Romeu Duarte escreve em sua coluna no jornal O POVO: A Virgem dos Lábios de Fel

Ter, 04 de Fevereiro de 2014 09:10



Romeu Duarte, Conselheiro Vitalício do IAB- CE e Ex-Presidente da entidade Nacional, escreve em sua coluna semanal, no Jornal O POVO.

Desde 1965 que estou plantada na foz do Riacho Maceió, cada dia mais sujo e fedorento. Além das torres residenciais luxuosas do Mucuripe, estão comigo Martim, Moacir e Japi.

 

Este lugar é meu, estou em todos os seus cantos. Meu pai, quando me criou no Alagadiço Novo, já intuía isso. Encontro-me nos bairros pobres, remediados e ricos, nas placas dos estabelecimentos comerciais, nos letreiros que anunciam os destinos dos ônibus, no genótipo e no fenótipo das mulheres daqui, em suas caras largas, em seus cabelos, como os meus, negros como a asa da graúna, no fogo que carregam na carne, em sua bravura, Maria Luíza Fontenele, Rachel de Queiroz, Tita Tavares ou aquela ali se vendendo, escorada na parede do forte. Continuo indo todos os dias do Ipu à praia com uma paradinha na volta para tirar o sal naquela bela lagoa acolá. Guerreiro branco? Ele que se cuide, pois há outros morenos, amarelos, louros, pretos, uma ruma, meu amor.

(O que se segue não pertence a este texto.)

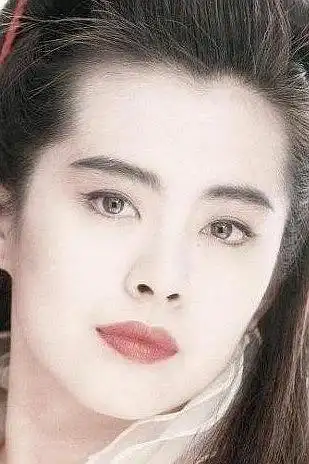 多图〕八一八朝天鼻(猪扒鼻)的明星,分隔顶级帅哥美女和.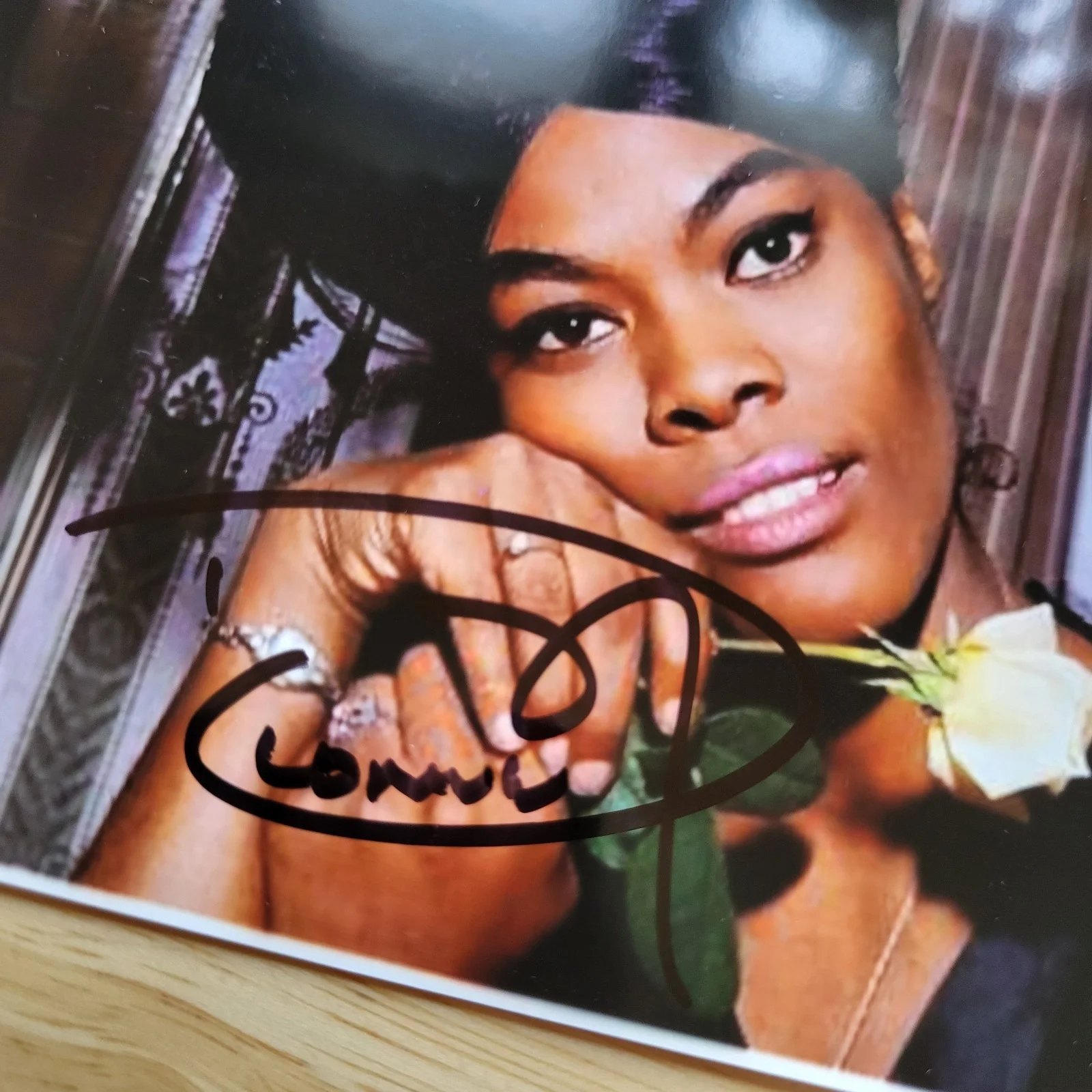 Dionne Warwick Hand Signed 4x6 Autograph, image 2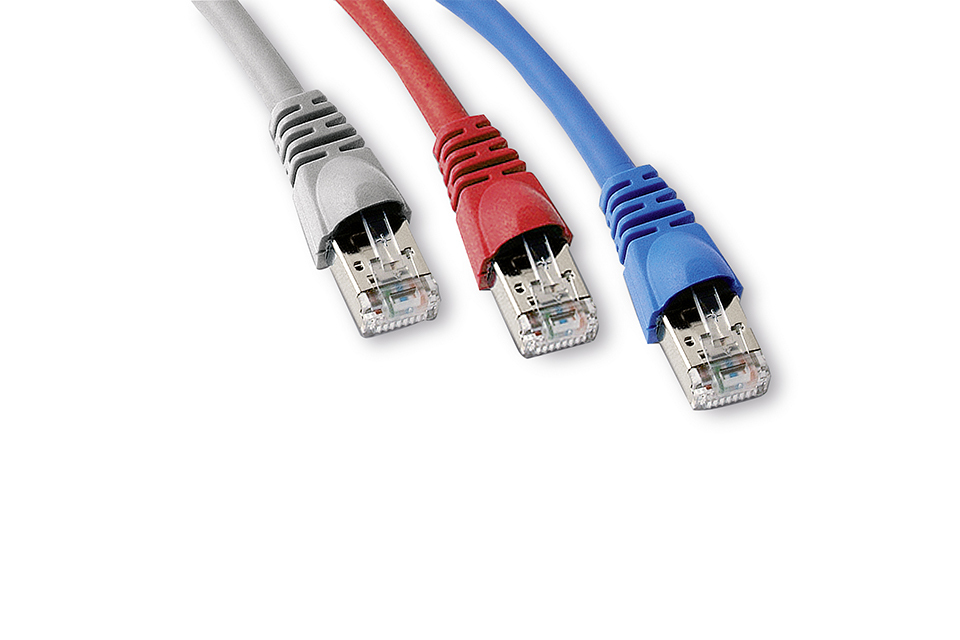  Tres cables de conexión RJ45 en blanco, rojo y azul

Quem primeiro me esculpiu foi Corbiniano Lins, pernambucano de Olinda, doido pelas formas sinuosas femininas. Desde 1965 que estou plantada na foz do Riacho Maceió, cada dia mais sujo e fedorento. Além das torres residenciais luxuosas do Mucuripe, estão comigo Martim, Moacir e Japi, os três sentados sobre uma jangada. Coxas grossas, bunda arrebitada, peitos de cuia, tanga de plumas, cachola pequena, cabeleira farta, há quem passe, assovie e dê piada: “Gostosa!”. Ah, se soubessem como têm sofrido nossos corpos de concreto esses anos todos. Martim e sua espada arrancada. Moacir e a velha urupema quebrada. O pobre Japi, foi, não foi, perde a cabeça e não é por nenhuma cadela, não. Botam a culpa na maresia. Pior que o sal é a mão do homem mau.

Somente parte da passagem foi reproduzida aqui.